This patch adds a helper function BPF_FUNC_tcp_sock and it
is currently available for cg_skb and sched_(cls|act):

struct bpf_tcp_sock *bpf_tcp_sock(struct bpf_sock *sk);

int cg_skb_foo(struct __sk_buff *skb) {
	struct bpf_tcp_sock *tp;
	struct bpf_sock *sk;
	__u32 snd_cwnd;

	sk = skb->sk;
	if (!sk)
		return 1;

	tp = bpf_tcp_sock(sk);
	if (!tp)
		return 1;

	snd_cwnd = tp->snd_cwnd;
	/* ... */

	return 1;
}

A 'struct bpf_tcp_sock' is also added to the uapi bpf.h to provide
read-only access.  bpf_tcp_sock has all the existing tcp_sock's fields
that has already been exposed by the bpf_sock_ops.
i.e. no new tcp_sock's fields are exposed in bpf.h.

This helper ensures the sk is a tcp_sock.  If it is not
a tcp_sock, it returns NULL.  Hence, the caller needs to
check for NULL before accessing bpf_tcp_sock.

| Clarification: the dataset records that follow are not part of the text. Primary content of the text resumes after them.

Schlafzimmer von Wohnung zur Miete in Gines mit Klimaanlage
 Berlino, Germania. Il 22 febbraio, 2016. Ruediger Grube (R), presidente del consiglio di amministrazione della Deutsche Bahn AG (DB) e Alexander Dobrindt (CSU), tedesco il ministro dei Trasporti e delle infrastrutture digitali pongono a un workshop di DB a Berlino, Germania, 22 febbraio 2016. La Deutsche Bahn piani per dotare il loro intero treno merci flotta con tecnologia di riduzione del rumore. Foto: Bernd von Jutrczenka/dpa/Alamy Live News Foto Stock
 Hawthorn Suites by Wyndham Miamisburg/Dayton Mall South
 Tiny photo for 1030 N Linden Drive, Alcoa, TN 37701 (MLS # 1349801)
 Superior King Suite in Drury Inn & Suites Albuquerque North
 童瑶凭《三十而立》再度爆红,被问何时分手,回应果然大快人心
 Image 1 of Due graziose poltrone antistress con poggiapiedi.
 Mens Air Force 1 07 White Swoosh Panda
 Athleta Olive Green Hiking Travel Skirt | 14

The current use case is to expose members from tcp_sock
to allow a cg_skb_bpf_prog to provide per cgroup traffic
policing/shaping.

Signed-off-by: Martin KaFai Lau <kafai@fb.com>
---
 include/linux/bpf.h      | 30 ++++++++++++++++
 include/uapi/linux/bpf.h | 51 +++++++++++++++++++++++++-
 kernel/bpf/verifier.c    | 31 ++++++++++++++--
 net/core/filter.c        | 77 ++++++++++++++++++++++++++++++++++++++++
 4 files changed, 186 insertions(+), 3 deletions(-)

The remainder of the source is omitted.